===== DATA SEGMENT =====

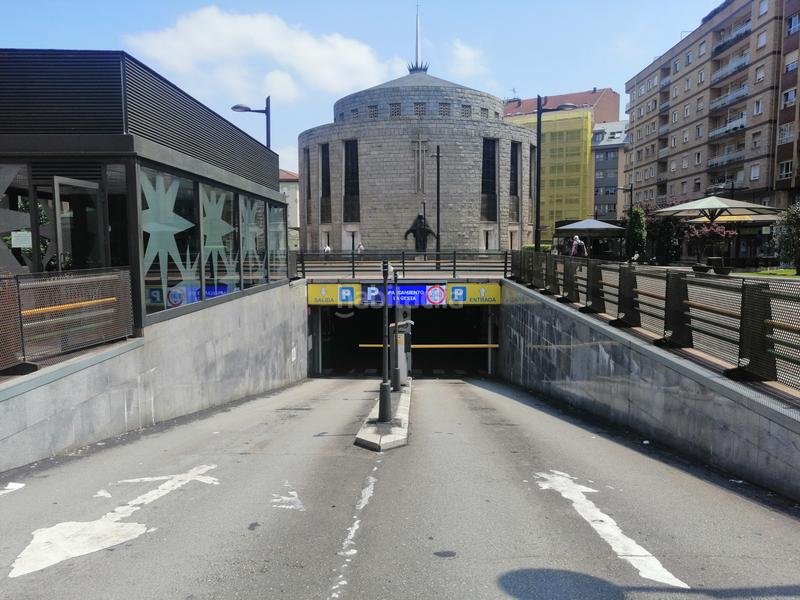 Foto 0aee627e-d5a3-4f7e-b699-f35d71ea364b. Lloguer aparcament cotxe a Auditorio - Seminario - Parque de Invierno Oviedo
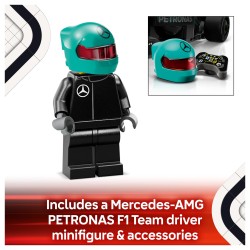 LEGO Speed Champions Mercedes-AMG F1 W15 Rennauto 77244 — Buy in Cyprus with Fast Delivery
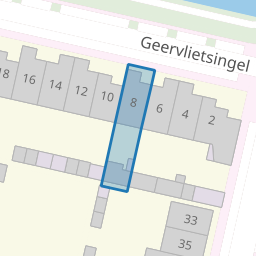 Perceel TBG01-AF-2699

=====

WHAT THE EXERCISE ASKS: Copy all the lines of data exactly as they appear, dropping any images.

EXERCISE RESULT:
 Foto 0aee627e-d5a3-4f7e-b699-f35d71ea364b. Lloguer aparcament cotxe a Auditorio - Seminario - Parque de Invierno Oviedo
 LEGO Speed Champions Mercedes-AMG F1 W15 Rennauto 77244 — Buy in Cyprus with Fast Delivery
 Perceel TBG01-AF-2699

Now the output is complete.